Task brief: Could you return, exactly as written, every line from the one containing "Vibratore Realistico Seducente Barbara" through the last line of the entries below, leaving out the pictures?

[Collection entries]
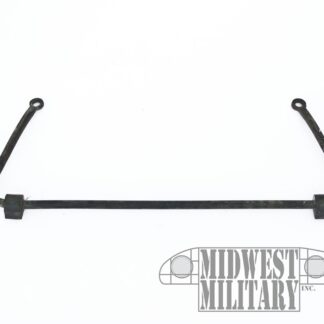 Stabilizer Bar M170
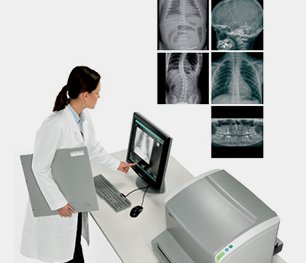 CR15-X - Image 3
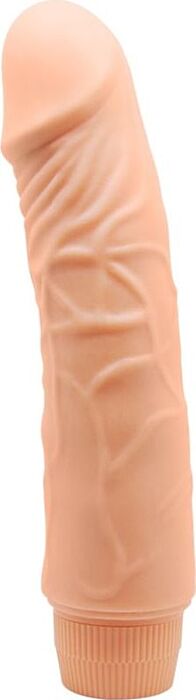 Vibratore Realistico Seducente Barbara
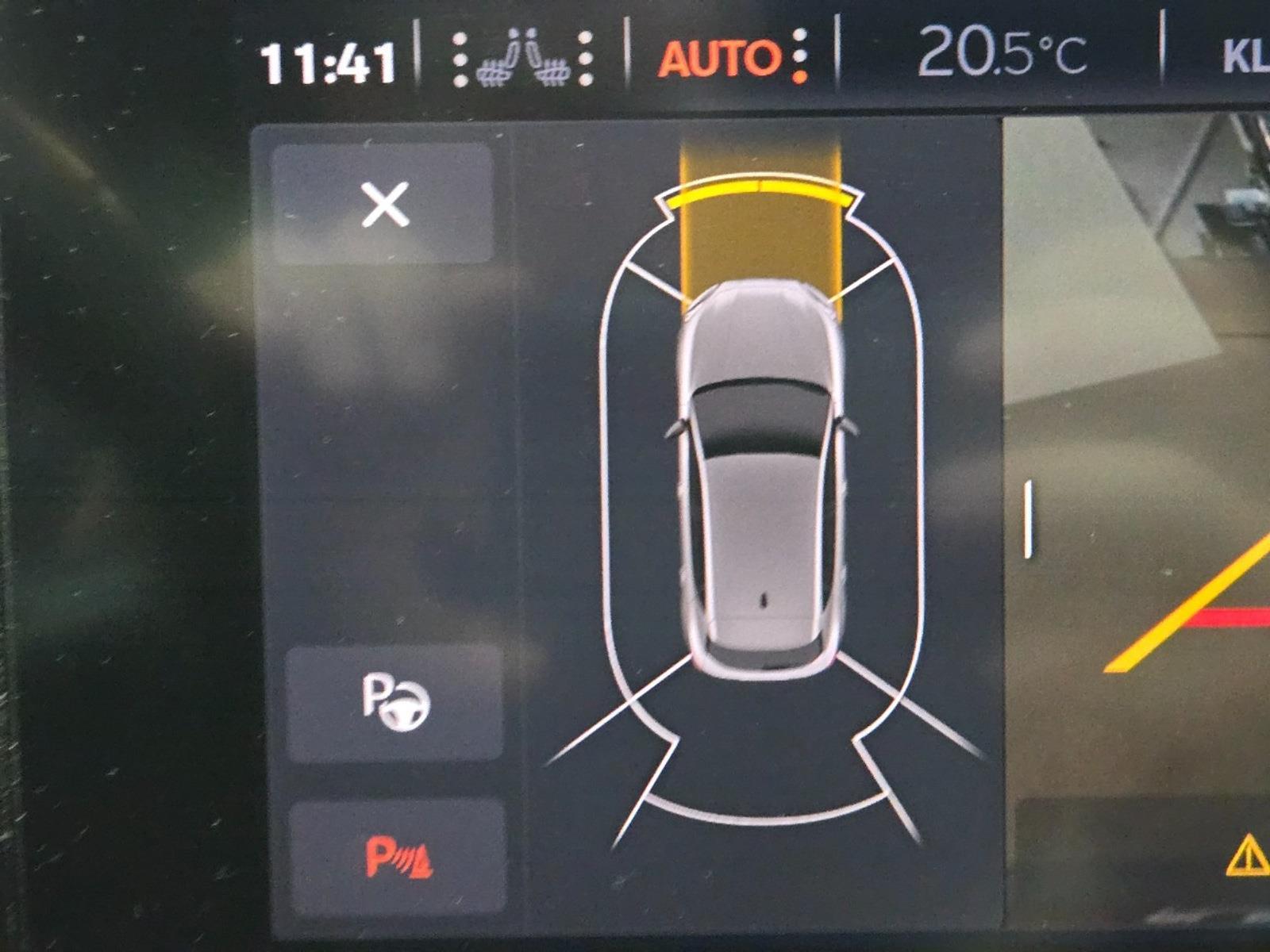 CUPRA Leon Sportstourer 1.4 e-Hybrid 245 | 2021 | 153.782 km | Automaat | K472NK | NAP: Logisch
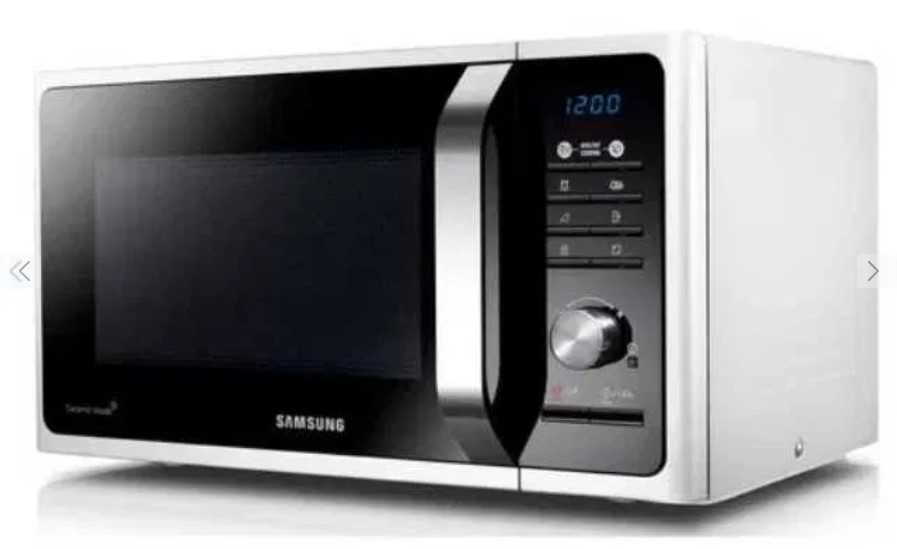 Ремонт микроволновок, микроволновка (remont mkrovolnovka)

Exercise output:
 Vibratore Realistico Seducente Barbara
 CUPRA Leon Sportstourer 1.4 e-Hybrid 245 | 2021 | 153.782 km | Automaat | K472NK | NAP: Logisch
 Ремонт микроволновок, микроволновка (remont mkrovolnovka)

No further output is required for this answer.